Ice Fishing Safety Tips

Safety tips from the Pennsylvania Fish and Boat Commission:
  • Wear a personal flotation device, or at least carry a floatation cushion to sit on and don’t fish alone.
  • Leave information about your plans with someone, where you intend to fish and when you plan to return.
  • Know the conditions of the ice before venturing out; taking into consideration recent possible effects changes in the weather have had on the ice.
  • Children should always be supervised on the ice.
  • Use an ice spud bar or an auger to test the ice ahead of you.
  • Before venturing out onto the ice, check with local sources, such as bait and tackle shops, for the most up-to-date information and always consider any information on ice thickness as suggestion, not fact.
  • Avoid ice formed over flowing water near shore and around inlets and outlet
  • Avoid aeration devices such as warm water bubblers used near marinas.
  • Temperature fluctuations typically occurring in early winter and spring will again make for uncertain ice. Be suspicious of gray, dark or porous spots in the ice as these may be soft areas.

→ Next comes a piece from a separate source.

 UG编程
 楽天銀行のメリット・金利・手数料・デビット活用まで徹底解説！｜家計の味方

Ice is generally strongest where it is hard and blue.
  • Heavy snow cover insulates ice and prevents it from freezing as evenly and as quickly as it would if the snow weren’t there. Snow cover is also deceptive and makes evaluating the ice cover difficult.
  • Be especially wary of tributary ice, as it can be highly variable in thickness due to the erosive action of the underlying water current. Many anglers like to ice fish the Walnut Project waters, which has some deep holes. One can be standing on ice eight inches thick on a trib and just a few feet away, the ice may be only two inches thick.

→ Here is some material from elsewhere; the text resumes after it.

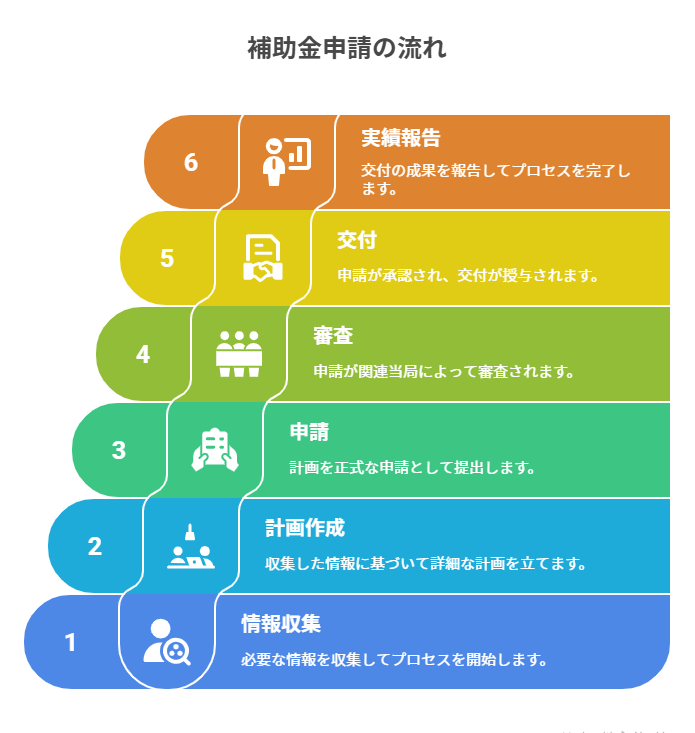 補助金申請の流れ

  • Carry a set of “grippers” (a couple screwdrivers on a length of nylon cord will do in a pinch). If you should go through the ice, they can provide a “grip” on the slippery surface and aid in getting out.

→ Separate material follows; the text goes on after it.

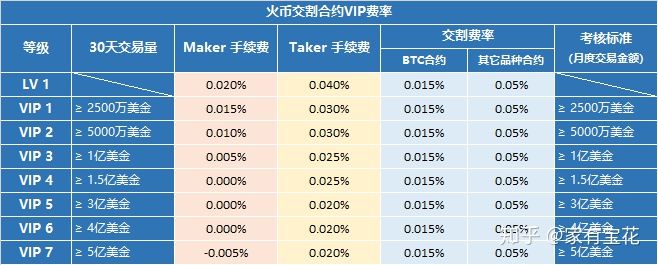 货币手续费(货币兑换手续费是什么)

  • Should you break through the ice, try not to panic. Remember to turn toward the direction you came from, toward the ice that supported you. Use you “grippers” or your hands to gain a hold on the unbroken surface of the ice, and advance by kicking your feet.
  • Once you are out of the water and are lying on the ice, don’t stand. Roll away from the point where you broke through until you are on solid ice.
  • If you do see someone fall through the ice, do not run toward them. Carefully extend a rope, ladder, pole or line to the victim.